[[ Data shown open ]]
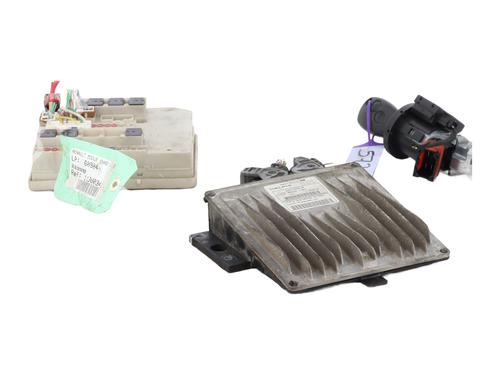 Electronic module RENAULT MODUS / GRAND MODUS (F/JP0_) 1.5 dCi (FP0D, JP0D) | BP29600368M83 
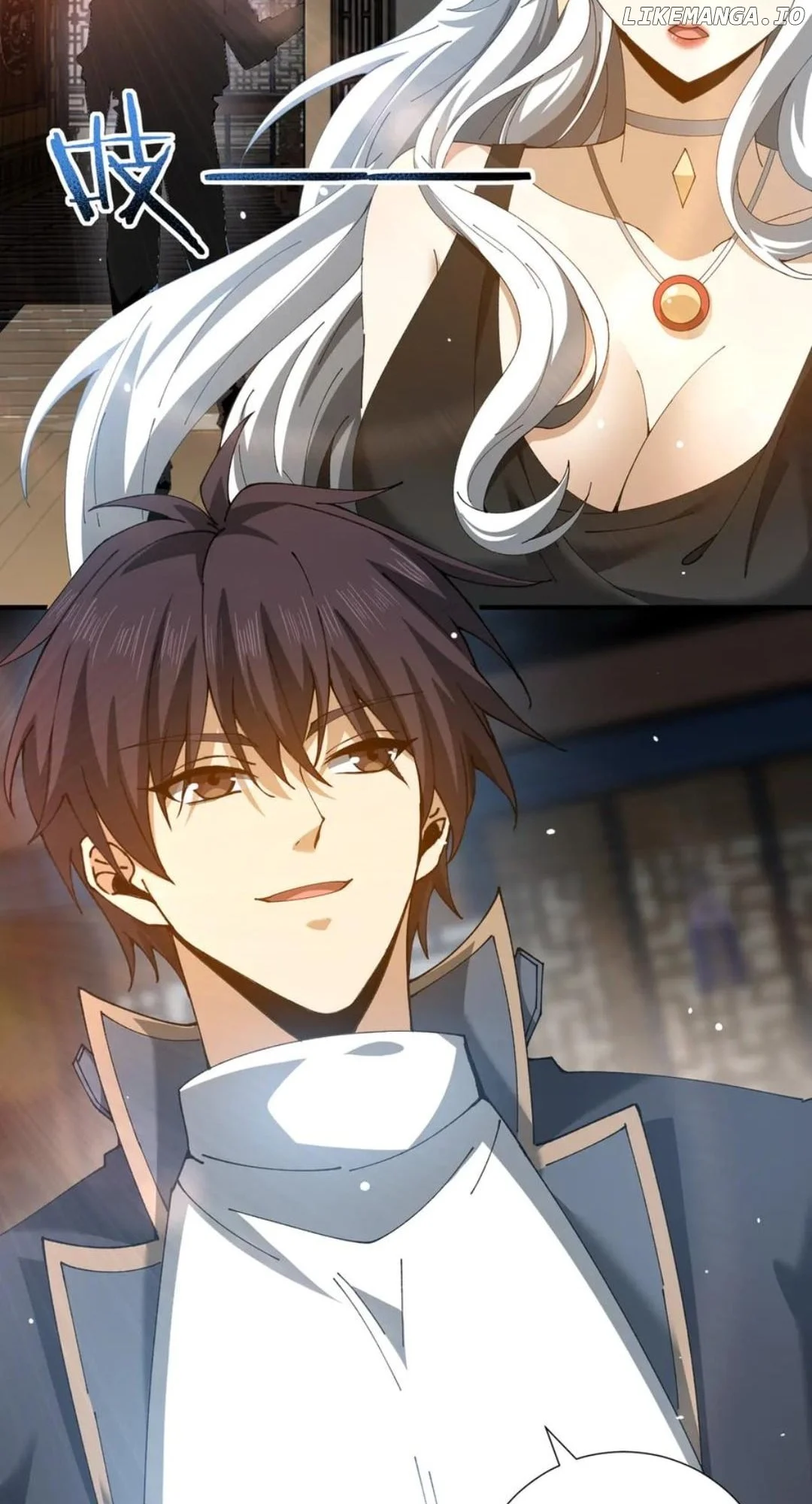 WORTHLESS PROFESSION: DRAGON TAMER Chapter 126 40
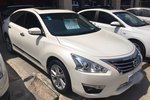 日产天籁2015款2.0L XL-Sporty欧冠运动版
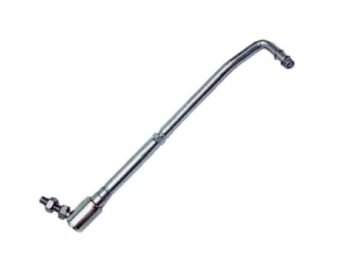 Vairo traukė Johnson/Evinrude varikliams 320–340 mm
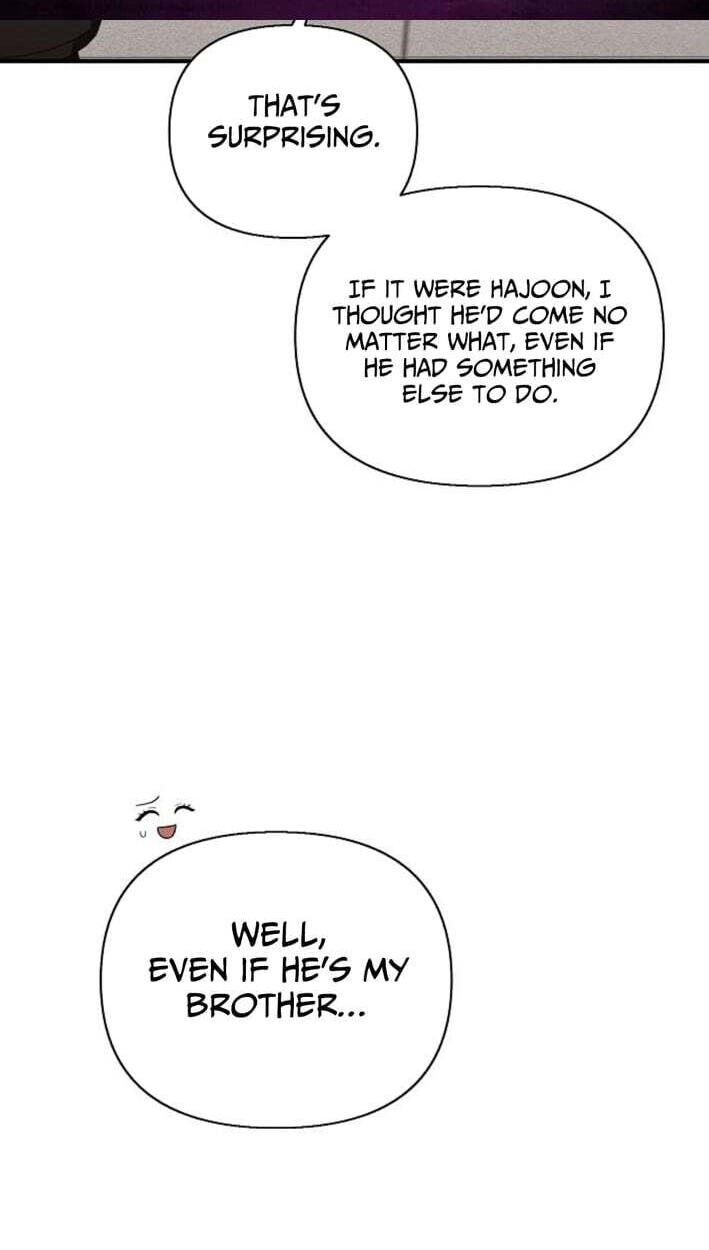 My Younger Sibling Was a Genius Chapter 85 page 26 -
[[ Data shown closed ]]
Exercise requirements => Copy out the whole listing exactly, and don't carry over any pictures.

Task answer =>
 Electronic module RENAULT MODUS / GRAND MODUS (F/JP0_) 1.5 dCi (FP0D, JP0D) | BP29600368M83 
 WORTHLESS PROFESSION: DRAGON TAMER Chapter 126 40
 日产天籁2015款2.0L XL-Sporty欧冠运动版
 Vairo traukė Johnson/Evinrude varikliams 320–340 mm
 My Younger Sibling Was a Genius Chapter 85 page 26 -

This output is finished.